J’affectai fort de témoigner aux grands d’Espagne que j’avois toute ma vie eu une si haute idée de leur dignité, qu’encore que j’eusse l’honneur d’être revêtu de la première du royaume de France, je me trouvois fort honoré de l’être de la leur. Je n’en dissimulai pas ma joie, ni combien j’étois sensible au bonheur de mon second fils, pour lequel je leur demandai leurs bontés. Je n’oubliai pas aussi de témoigner aux chevaliers de la Toison combien j’étois touché de l’honneur que mon fils aîné recevoit, et moi avec lui de sa promotion à ce noble et grand ordre, et je tâchai de n’oublier rien de tout ce qui pouvoit le plus leur marquer l’estime que je faisois des Espagnols, et des dignités et des honneurs de l’Espagne, et répondre le mieux à l’empressement, pour ne pas dire à l’accablement de leurs compliments à tous, ainsi que ma reconnoissance pour les bontés et les grâces que je recevois de Leurs Majestés Catholiques. Mes enfants que la foule qui fondoit sans cesse sur nous sépara bientôt de moi, firent de leur mieux de leur côté ; et cela dura plus d’une heure dans sa force, et longtemps après de ceux de moindre qualité qui n’avoient pu nous approcher plus tôt ; et je tâchai, suivant leurs degrés, de ne pas moins bien [les] recevoir et [leur] répondre que j’avois fait aux autres. Je ne me contentai pas d’avoir vu Grimaldo dans cette foule. Dès que je fus un peu débarrassé, je remontai chez lui et lui fis les remerciements que je lui devois avec grande effusion de cœur. J’étois, en effet, au comble de ma joie de me voir arrivé au seul but qui m’avoit fait désirer l’ambassade en Espagne, et je le lui devois presque entièrement.

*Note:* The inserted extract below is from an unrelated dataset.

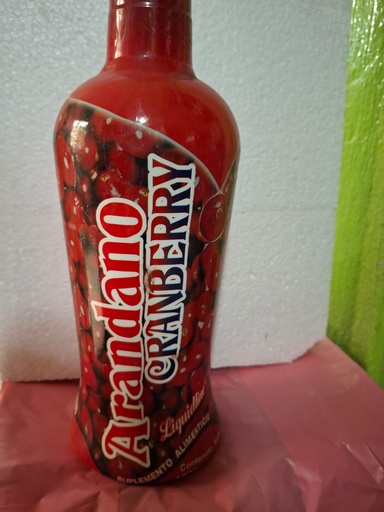 [690939400479] ARANDANO THERMO 1LT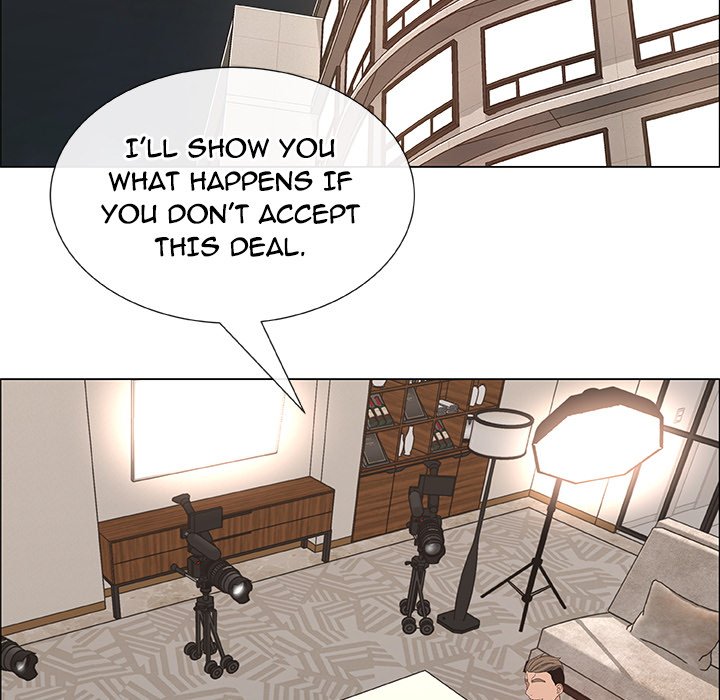 Pretty Girls - Chapter 43 Page 9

Revenons maintenant un moment sur nos pas pour reprendre de suite ce que j’ai omis, pour ne le pas interrompre. La modestie et la gravité des Espagnols ne leur permet pas de voir coucher des mariés : le souper de noce fini, il se fait un peu de conversation, assez courte, et chacun se retire chez soi, même les plus proches parents, hommes et femmes de tout âge, après quoi les mariés se déshabillent chacun en son particulier, et se couchent sans témoins que le peu de gens nécessaires à les servir, tout comme s’ils étoient mariés depuis longtemps. Je n’ignorois pas cette coutume et je n’avois reçu aucun ordre là-dessus. Néanmoins, prévenu des nôtres, je ne pouvois regarder comme bien solide un mariage qui ne seroit point suivi de consommation au moins présumée.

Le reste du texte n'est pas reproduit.